The blunders of the English journals, when American topics are discussed, are frequent and amusing. At one time English editors declare that the President of the United States is elected by the rowdies of New York; at another, they acknowledge Mr. Bennett's Herald to be reliable and respectable; anon, they discourse of Ohio as margined by the Atlantic, and so on. We have now to notice their latest and most amusing error.
A London periodical, entitled "Once a Week," commenced eighteen months ago, to rival Dickens' "All the Year Round," has an article, in its number for December 29, called "Abraham Lincoln, President Elect of the United States." It commences thus, biographically.
"'Honest Old Abe,' as the Americans call Lincoln, was originally a farm-laborer in Illinois. Frederick Douglas, 'the Little Giant,' his defeated antagonist, was a cabinet maker."
Here be two pieces of exclusive news - that Frederick Douglass, the negro, was the political antagonist of Mr. Lincoln, and that the said Frederick bears the sobriquet of "the Little Giant." In the innocence of our heart, we always thought that, not Frederick Douglass, but Stephen A. Douglas, stood in that position, and bore that familiar sobriquet. Moreover, we were certain - until corrected in our belief by "Once a Week," - that Stephen A. Douglas is a white man, instead of a black.
The English editor cannot plead, in extenuation, that Frederick was a slip of the pen, for a dozen lines lower down, he describes what Frederick Douglass said of Mr. Lincoln "in one of his stump speeches, when lately itinerating the northwest provinces." He adds that in 1858 this self-same "Frederick" was elected Senator for Illinois, and that the New York Tribune is a "religious" paper.

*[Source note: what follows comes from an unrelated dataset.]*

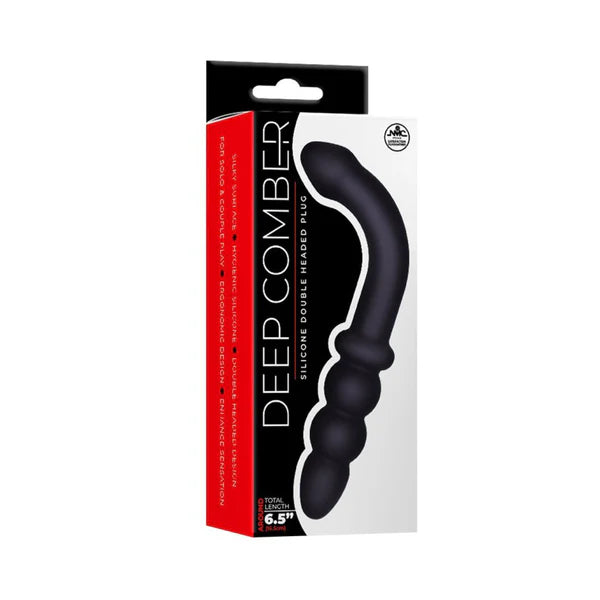 deep comber double silicone anal plug 6.5" with box packaging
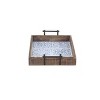 Olivia & May Set of 2 French Country Wood Serving Trays Blue/White: Farmhouse Style Ottoman Decor Tray - 3 of 4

Nothing can be said to excuse the ignorance of a writer who confounds black and white in this odd manner - who supposes a negro eligible for the Presidency - and who speaks of the States of the Union as provinces. To carry on the joke, this very facetious and accurate English writer brags of his personal knowledge of America, its institutions, its people, its politics. "I," he says, "who have stood for hours and days watching the boatmen of these rivers [the Wabash and the Mississippi] know how laborious is their life," he alludes to the boatmen and so on. All this comes from people writing boldly about matters with which they are almost unacquainted. Not otherwise could any person have blundered so palpably as to confound the Hon. S.A. Douglas, the patriotic and eloquent Senator for Illinois, with Frederick Douglass, the negro.